ClarksvilleNow.com Reporting
news@clarksvillenow.com
CLARKSVILLE, Tenn. – Carolyn Stier Ferrell has spent the last nine years actively researching Clarksville’s past. Her fifth book, Greenwood Cemetery: A History, details the beginnings, organization, and history of Greenwood Cemetery.
The manuscript includes the cemetery’s charter, 1873 opening ceremony and addresses by prominent speakers, important burials, a list of superintendents, stories of endearment, plant and animal inhabitants, events that occurred within the boundary of the cemetery, notable gravesites, the Confederate monument and its dedication ceremony, and finally a study of the tombstone symbolism and iconography. The meaning behind the designs and artwork on the monuments is explained so visitors can understand the lives of those buried in the cemetery.
“It is my hope that readers will come to appreciate the history of Greenwood as well as the artistic skill of the monument carvers. This cemetery evokes a feeling of peace, beauty, and reverence for those buried within its walls.

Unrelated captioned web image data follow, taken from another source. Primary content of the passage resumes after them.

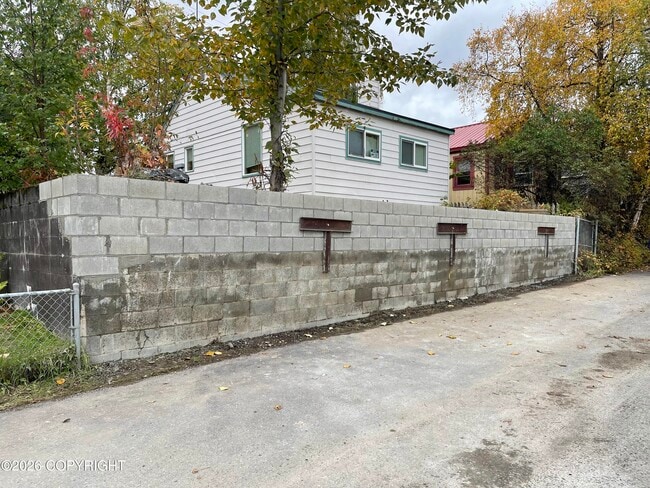 Building Photo - 237 Denali St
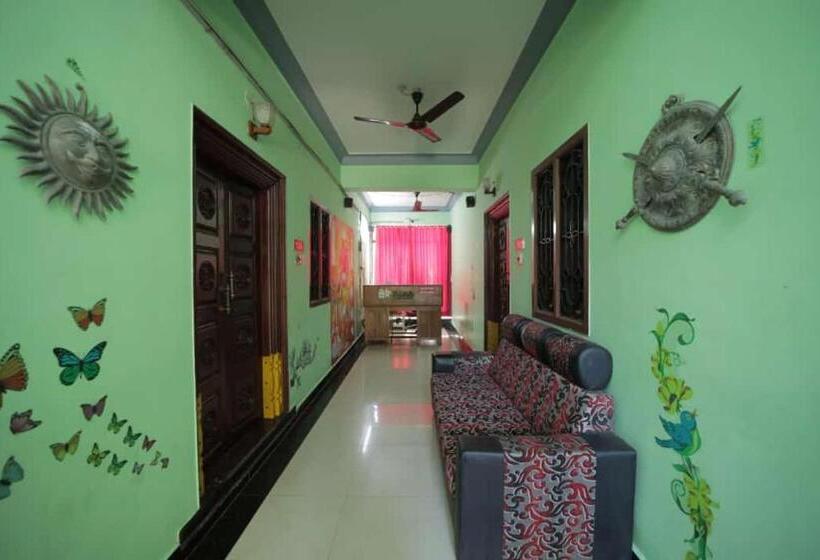 Hotel Karthik Residence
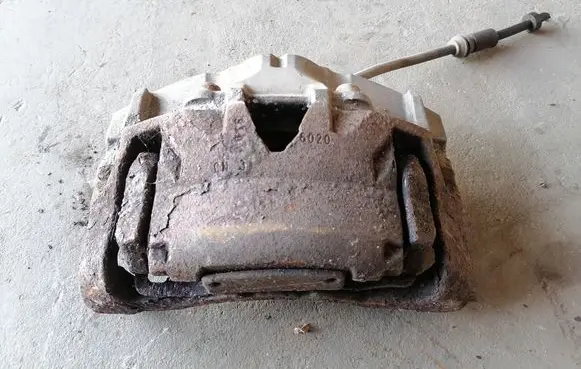 Volvo V70 Front brake caliper 946 6020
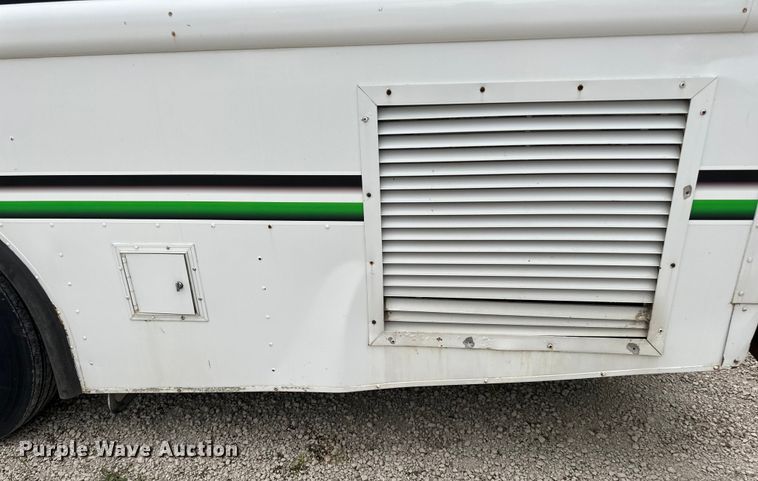 image for item LR9425 1994 Blue Bird  coach bus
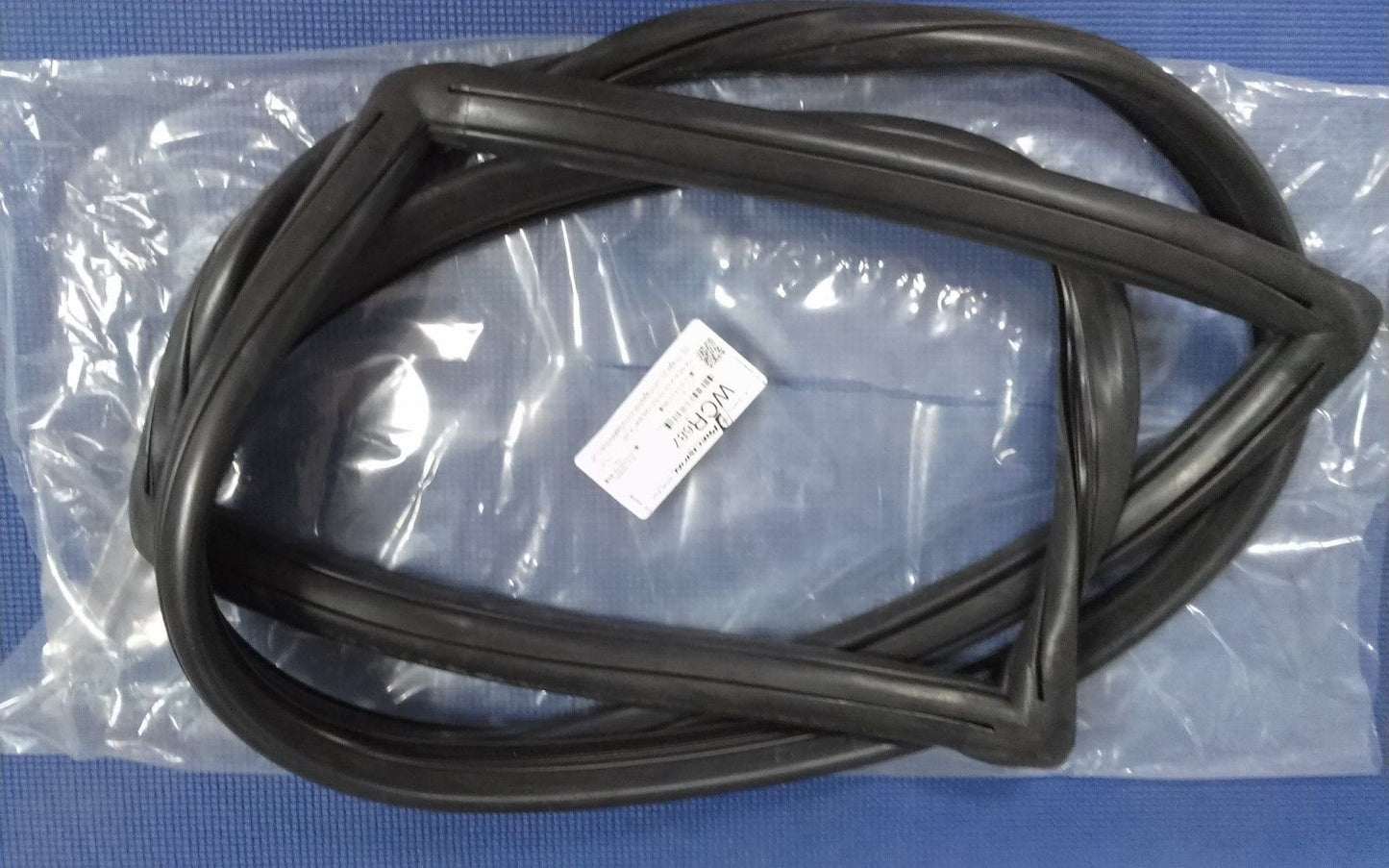 1973-1976 FORD F SERIES PICKUP TRUCK WINDSHIELD RUBBER SEAL GASKET W/FACT TRIM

Perhaps this book will be used to educate our youth on the importance of honoring the dead,” Ms. Ferrell stated.
Also available is Ferrell’s booklet on the Civil War soldiers buried at Greenwood.
“Greenwood’s records go back only as far as the 1880s and so it has been a journey of research and cross-referencing records on file to get as accurate a list as possible. I see this as ongoing research that is aided when descendants come to Clarksville with their own information to add to ours,” Ms. Ferrell stated. “Some Federal soldiers came back to live in Clarksville after the war, which may be a surprise to some. Regardless on which side they fought and often died for, the soldiers now repose under the same trees at Greenwood.”
For more info, contact Ms. Ferrell at carolynsferrell@hotmail.com or 931 980-2584.
The Greenwood Cemetery book can be purchased for $30, and the booklet for $10.
Ms. Ferrell sells and signs copies of all her books at Winter Market at the Smith-Trahern mansion each Friday from 9 a.m. until 1:30 p.m. She will also sell books at the L&N Train Station on December 20, from 9 a.m. until 3 p.m.